Before storing the city name, street name and postal code attributes, the text for each attribute is cleaned. For city and street names, the attribute text is looked up in the corresponding 'mapping' dictionary that was created in the investigation phase above. If the 'mapping' dictionary has key matching the attribute text, the corresponding value pair is substituted to clean the data.
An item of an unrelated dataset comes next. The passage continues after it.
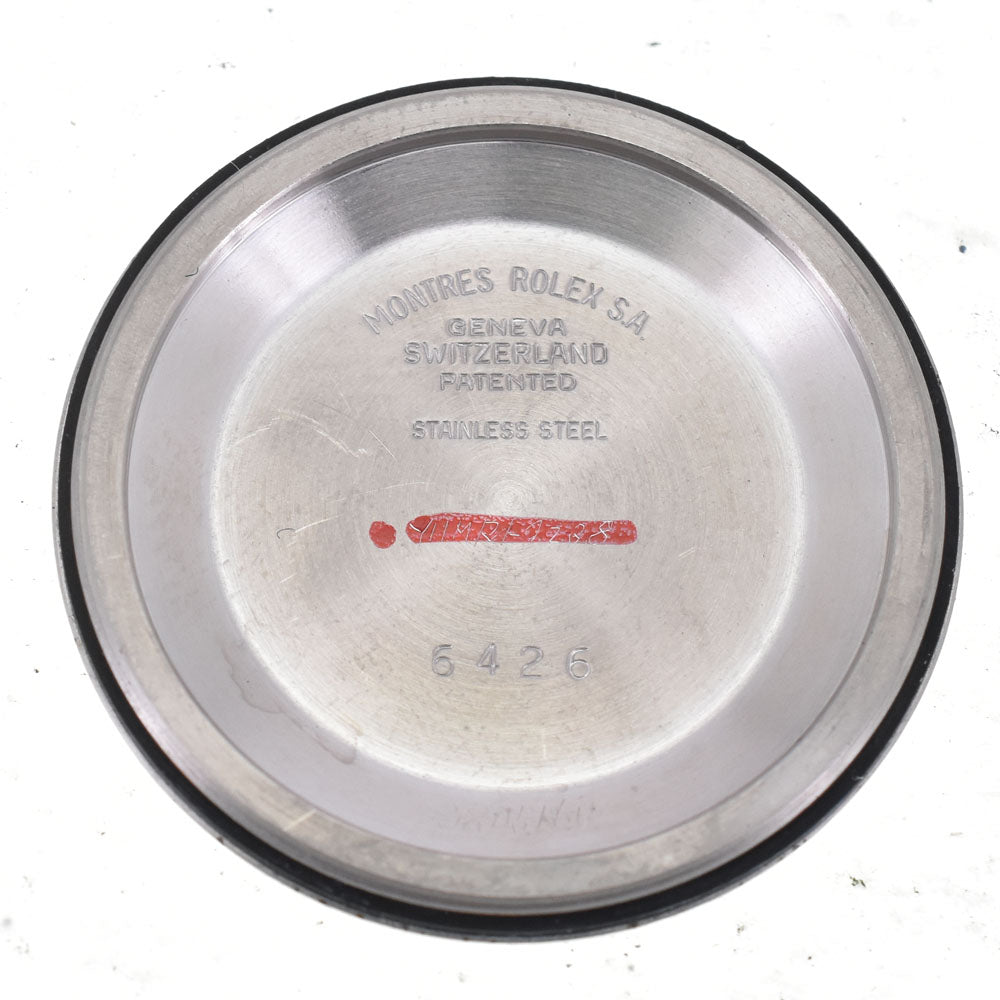 ROLEX Oyster Precision 6426 vintage Cal.1225 Silver Dial Hand Winding Men's
 Watch I#144932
For postal codes, the most common error is corrected using a regular expression.

The code to clean the osm file and output a json file is below.

In [None]:
#!/usr/bin/env python
# -*- coding: utf-8 -*-
import xml.etree.cElementTree as ET
import pprint
import re
import codecs
import json


problemchars = re.compile(r'[=\+/&<>;\'"\?%#$@\,\. \t\r\n]')
addr = re.compile(r'(?:addr:).*')

#expected postal code pattern A1A 1A1
post_code_re = re.compile(r'^[A-Z][0-9][A-Z] [0-9][A-Z][0-9]$') 

#most common incorrect postal code pattern A1A1A1
post_code_re2 = re.compile(r'^[A-Z][0-9][A-Z][0-9][A-Z][0-9]$')

CREATED = [ "version", "changeset", "timestamp", "user", "uid"]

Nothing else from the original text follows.